At the T&T Energy Conference which took place in January 2017, Geraldine Slattery, the asset president at BHP, said that BHP was encouraged by the gas find in LeClerc, and “pleased to have oil shows in the deep of that well.” The company further stated that it was very optimistic of a tier-one play, and will return to drilling that area in FY 2018.
Troc & Sercan
The Trinidad Onshore Compression (TROC) project is being implemented by BPTT in association with domestic company Atlantic and the National Gas Company (NGC), a state-owned enterprise. The project involves the installation of a compressor at the Atlantic liquefied natural gas (LNG) facility at Port Fortin, which will be used to reduce the pressure running though NGC and BPTT pipelines, in turn increasing gas availability from BPTT’s low-pressure wells in the Columbus basin.
It is estimated that TROC can deliver an additional 200m scfd of gas into Atlantic, starting from early 2017. The total investment cost of TROC has not been revealed, but BPTT regional president Norman Christie has described it as “significant”.
The Sercan field in the East Manzanilla block is jointly owned by BPTT and EOG Resources. EOG, a US-based company, is the operator. The development programme involves drilling five wells and the field is expected to begin production in mid-to-late 2017. Output is expected at 250m-275m scfd.
Dragon Field Discussion
One way T&T could move to reduce or eliminate its gas supply deficit would be to develop fields in collaboration with Venezuela, its immediate neighbour. Officials have been investigating this possibility in discussions with the Venezuelan government. To this end, Prime Minister Keith Rowley visited Caracas for talks in December 2016. Reports said that two main options were being investigated, involving the Dragon field in Venezuelan waters and the Loran-Manatee field, which straddles the maritime border between the two countries. The Dragon field would be the quickest to bring on-line. Under the agreement struck during Rowley’s December visit, the field would be developed through a partnership between the Venezuelan state oil company PDVSA, T&T’s NGC and Shell, which has operations in both countries. Dragon is part of the multi-field Mariscal Sucre complex, which is believed to hold 14.7trn scf of gas.

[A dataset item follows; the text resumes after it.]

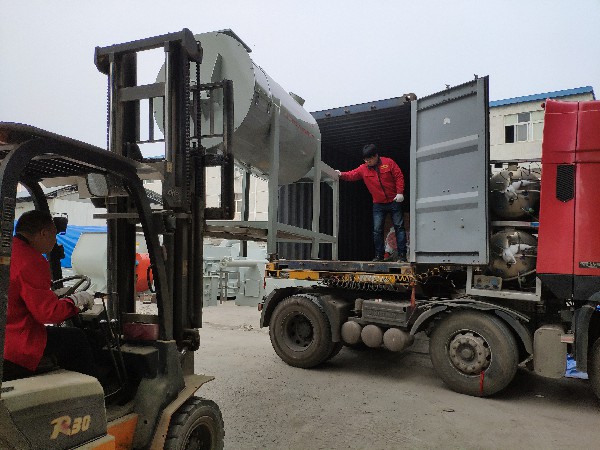 腻子粉搅拌机如何在逆境中逆流而上？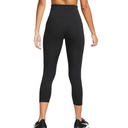 Жіночі лосини Nike W NK ONE DF HR CROP TGHT DM7276-010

The plan would be to pump gas from Dragon via pipelines to Atlantic, T&T’s liquefaction complex, which has the capacity to produce 14.8m tonnes per year of LNG, and with which Shell is a major partner. The Venezuelan gas could also be used to supply T&T’s downstream ammonia and methanol plants. As mentioned, these plants, along with Atlantic, have been operating below capacity because of gas supply impairments, with shortfalls sometimes as high as 30% of contractually established levels.
One of the major advantages of the Dragon project is that it would not require major capital expenditure on the T&T side. A 17-km flow line would also need to be established between the Dragon field and the Hibiscus platform operated by Shell off Trinidad’s north-west coast.
In March 2017 the signing of a new gas export agreement between T&T and Venezuela outlined the “construction, operation and maintenance of a gas pipeline from the Dragon field in Venezuela to the Hibiscus field in Trinidad and Tobago; a connection with the Hibiscus-Lisas gas pipeline; the supply of natural gas extracted from the Venezuelan field to Trinidad and Tobago’s domestic market; and the NGC plant for commercialisation in international markets,” according to a PDVSA press release.
NGC’s chairman, Gerry Brooks, signed on behalf of T&T, while PDVSA’s president, Eulogio Del Pino, accepted on behalf of Venezuela, and vice-president and county chairman, Luis Prado, represented the commercial interests of Shell in the agreement.
From Hibiscus, the gas could be run through an existing pipeline to the Atlantic facility at Port Fortin. It is estimated that Dragon will produce an initial 300m scfd, later increasing to 500m scfd. A potential disadvantage is that as the gas originates in Venezuela, it will not generate wellhead tax revenue and royalties for the T&T Treasury. Yet it will make a valuable contribution to reducing the gas production shortfalls, and improving the taxable revenues of LNG and petrochemicals operators. There was also some concern over the financial and political crisis in Venezuela, and the possibility that it might mean that the Caracas government would not be able to honour commitments made to T&T. Some industry leaders countered and believe that any Venezuelan government would surely want to protect an arrangement giving it a valuable source of much-needed foreign currency. Earlier, in December 2016, Rowley said he hoped that gas from the Dragon field would start flowing before 2020.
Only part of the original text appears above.